The fiberglass-and-epoxy-resin blade looks like a carving knife that has been curved – or swept – near the tip. The so-called “sweep twist” blade was designed to be more attuned to wind's natural movement, potentially producing more energy in low wind and reducing fatigue loads, or wear and tear, on the blade.
Knight & Carver, which is designing and making the blade, expects to commercialize it later this year. The company hopes the blade will open slower-wind regions currently closed to wind-energy production. The company expects the technology to capture 5 to 10 percent more energy in regions with low wind speeds.
Such regions, which have an average wind speed of 5.8 meters per second, measured at a height of 10 meters, are so abundant in the United States that the technology could increase by twentyfold the amount of land that can be used to generate wind energy, according to Sandia National Laboratories, which have tested prototypes.
Because slower wind regions often are near areas where power is already loaded onto the grid today, such as in the Midwest, the blade also could reduce the cost of transmission, said Gary Kanaby, director of business development for Knight & Carver.
Tom Ashwill, who leads Sandia’s blade research in Albuquerque, N.M, said the blades will cost about 10 percent more than traditional blades. That might not sound so enticing, but it means existing wind farms with 750-kilowatt turbines that were popular in the 1990s could increase electricity generation just by replacing their worn blades, without having to add more turbines. Knight & Carver plans to target that market initially for retrofitting.

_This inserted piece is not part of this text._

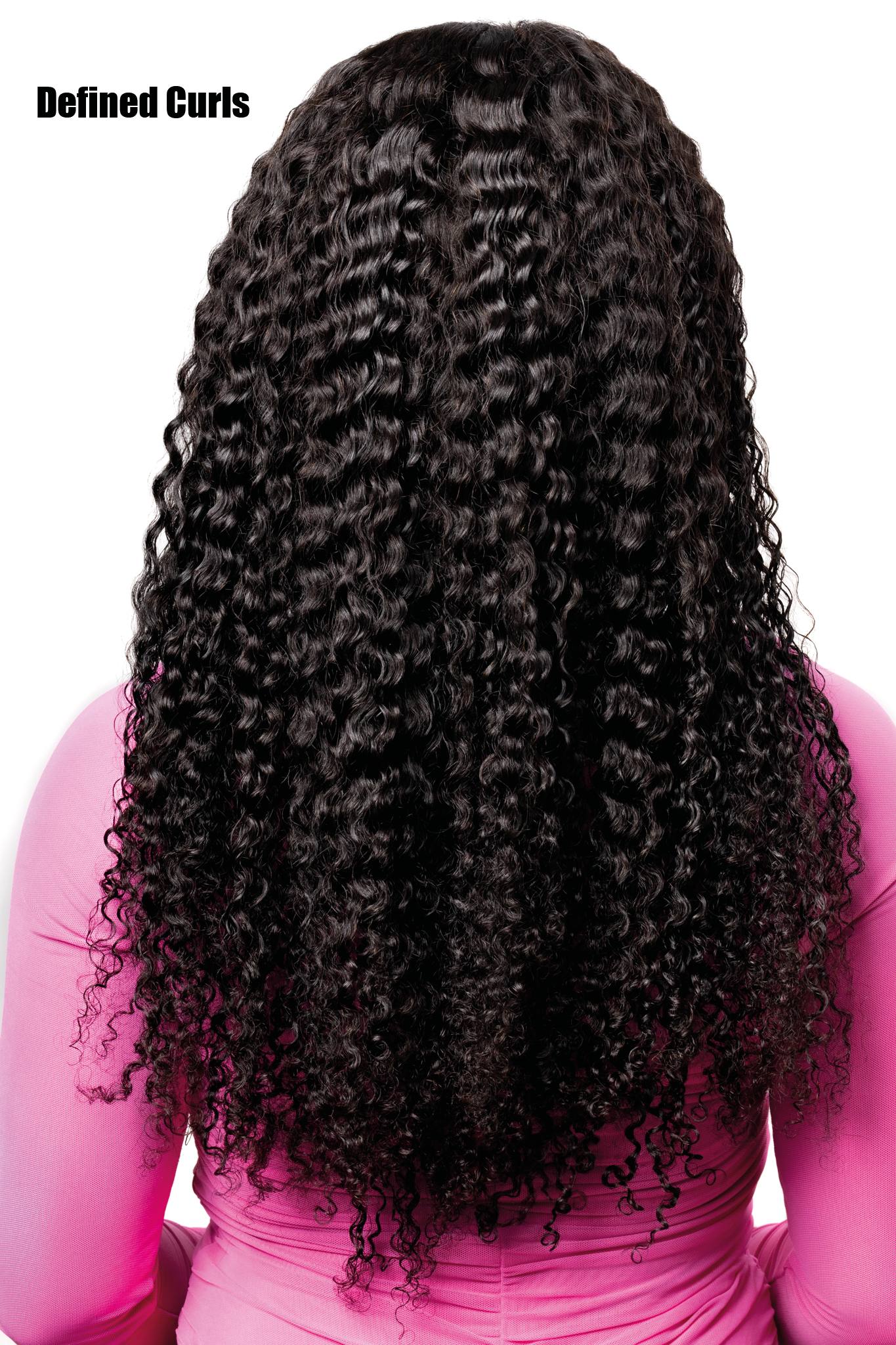 Kinky Curly Lace Wig Back view defined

And because blades make up only about 15 percent of the total turbine cost, according to Ashwill, the new and improved blade would increase the overall cost by only 1.5 percent more, making them more cost effective overall.
The idea has gained recognition.
At WindPower 2008 in June, the project was selected as one of the U.S. Department of Energy's top 10 program accomplishments. Knight & Carver also raised $12.5 million in its first round of funding from the Global Environment Fund earlier this year.
Maureen Hand, a senior engineer with the National Renewable Energy Laboratory's National Wind Technology Center in Golden, Colo., called the project “unique,” especially in an environment of rising wind-turbine costs.
“Any increase in energy capture will deliver cost savings and have a positive impact on the industry,” she said.